Я бы хотел ненадолго остановиться не на самом крике, а на «тихом пляжном воскресенье», которому крик противопоставлен. Переводчики никогда с этим не справятся, это непереводимо, потому что такого вообще-то не существует, оно лишено смысла: что такое «тихое пляжное воскресенье»?

Тем не менее если эти тихие пляжные воскресенья что-то для меня означают и если — о чем писали мне многие александрийцы, прочитав «Из Египта», — тихая воскресная пауза, как раз перед тем, когда толпы устремятся на пляжи, вбирает в себя самую суть александрийской жизни в конце весны или начале лета, когда летние пляжи еще не до конца превратились в переполненный бедлам (во что они неизменно превращаются в июле), когда они все еще не нарушили обещания одарить тебя в ближайшие недели волшебством, — если все это сегодня что-то для меня и означает, то лишь потому, что оно связано не столько с Александрией, сколько с процессом наложения Египта на нынешнюю мою жизнь в Америке. Дело в том, что это ощущение от тихих пляжных воскресений зародилось не в Египте, а в Америке, однажды утром, когда в первый год нашей тамошней жизни я шел с отцом по Риверсайд-драйв и при виде группы юнцов лет двадцати, загоравших на травянистом склоне рядом с Девяносто восьмой улицей, повернулся к нему и сказал:

— А нынче ведь пляжный день, да?

В книге «Из Египта» я посвятил около двадцати страниц описанию раннего воскресного утра на пляже. Завершается этот фрагмент рассказом о том, как часто я вспоминал эти пляжные утра много лет спустя, в компании однокурсника по Кембриджу. Итак, воспоминание зародилось в Нью-Йорке, переправилось в Кембридж, вернулось в Нью-Йорк, где много лет спустя я в конце концов написал «Из Египта» и тем самым наконец-то отправил все это entassement [8] сложенных внахлест городов в воображаемую Александрию.
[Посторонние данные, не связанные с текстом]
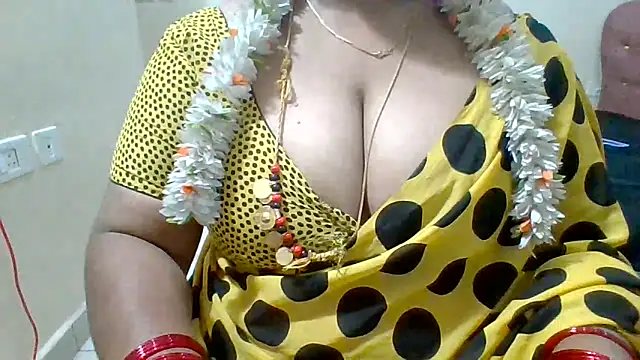 Snapshot of archanatelugu9 chatting on 09.29.25 archanatelugu9 online show from 09.29.25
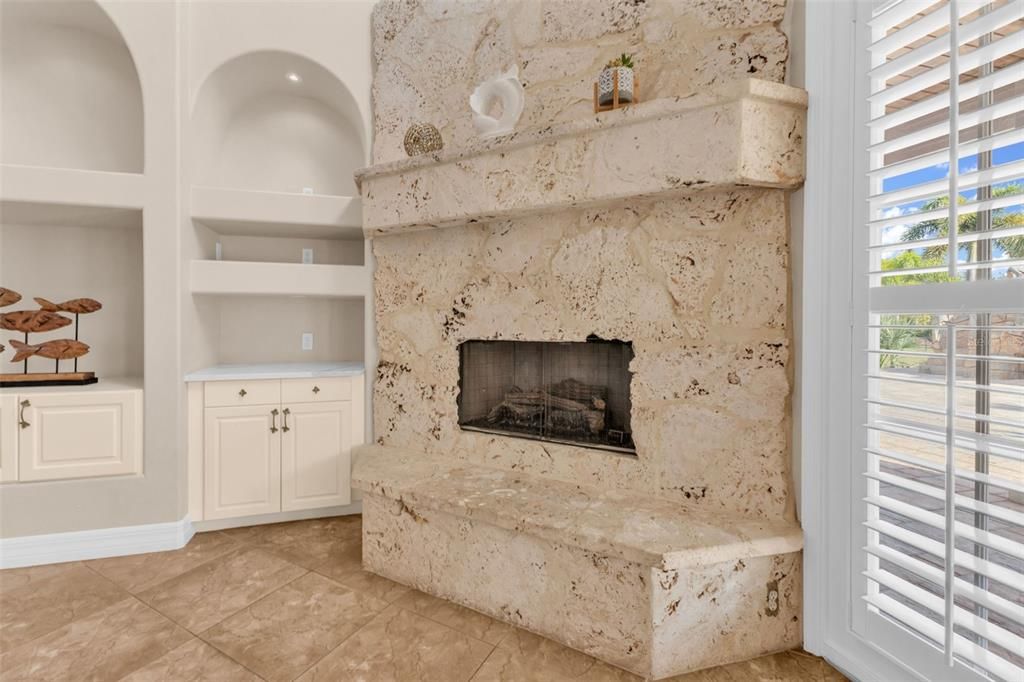 For Sale: $1,100,000 (5 beds, 4 baths, 5761 Square Feet)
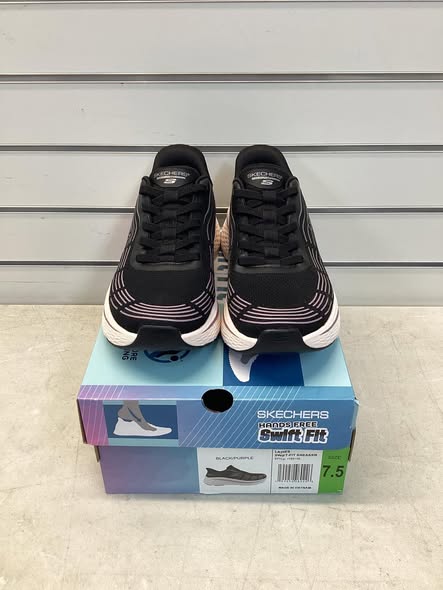 Skechers Women's Swift Fit Sneaker - Size 7.5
Египет всего лишь сетка, матрица, полость, в которую я «отправил» свою жизнь через много лет после того, как Египет покинул. Настоящее мое лишено смысла, если не отправить его обратно в Египет. Можно сказать, что все мои впечатления о Египте — это не более чем разрозненные обрывки моей жизни за пределами Египта, нанизанные на одну нитку и отправленные обратно в сюжетную линию, которую я решил назвать Египтом. Чтобы увидеть Америку, мне нужно увидеть не Америку, а Египет. Я вижу настоящее только тогда, когда оно начинает напоминать прошлое, становится прошлым. Когда после выхода в свет «Из Египта» я поехал в Египет, я только и думал — вернее, только и пытался думать, — что о Нью-Йорке, городе, который в давние времена детства маячил передо мной удаленным будущим, а потом внезапно сделался моим настоящим, хотя меня настоящего в нем и не было! При этом Египет — Египет, о котором я грезил столько десятков лет, — никогда не находился передо мной.
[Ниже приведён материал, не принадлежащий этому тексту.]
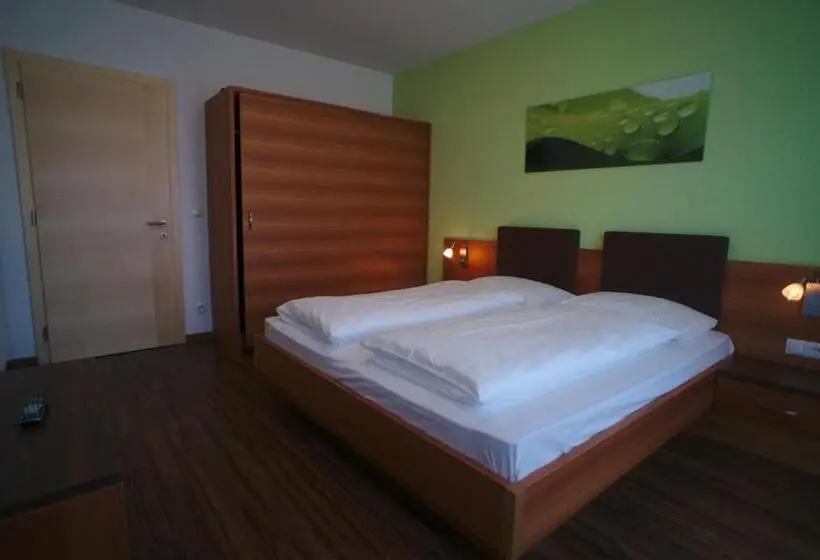 Huoneisto 2 Makuuhuonetta, Weihergut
При виде чего-то красивого, или трогательного, или даже чего-то, что мне хочется заполучить здесь и сейчас, я испытываю желание отправить его обратно в Египет, посмотреть, окажется ли оно по мерке, предстанет ли очередным из мириады отсутствующих фрагментов, которые туда относятся, которые следовало бы туда вернуть или которые нужно было бы представить как позаимствованные оттуда, — как будто для того, чтобы нечто обрело для меня смысл, оно обязательно должно уходить корнями в Египет, как будто само действо складывания рассыпанного Египта в целое из кусков, реконструирования и воспроизведения воображаемого Египта из этой россыпи впечатлений из Египта представляет собой бесконечный процесс реставрации, цель которого — устранить все контакты с настоящим, так, чтобы любая вещь, которая хоть чем-то меня зацепит, соответствовала чему-то египетскому, имела египетский коэффициент — в противном случае смысла она лишена. Те вещи, у которых нет египетских аналогов, не воспринимаются, не обладают нарративом. Вещи, которые происходят в настоящем, но не находят отклика даже в вымышленном прошлом, тоже не воспринимаются. Они перестают существовать. Не считаются. Длиннющие отрезки Нью-Йорка для меня просто не существуют: в них нет Египта, нет прошлого, нет смысла. Если мне не удается вплести в них толику египетского вымысла, будь это даже лишь некое настроение, которое мне представляется египетским, они трупы для меня, а я — для них.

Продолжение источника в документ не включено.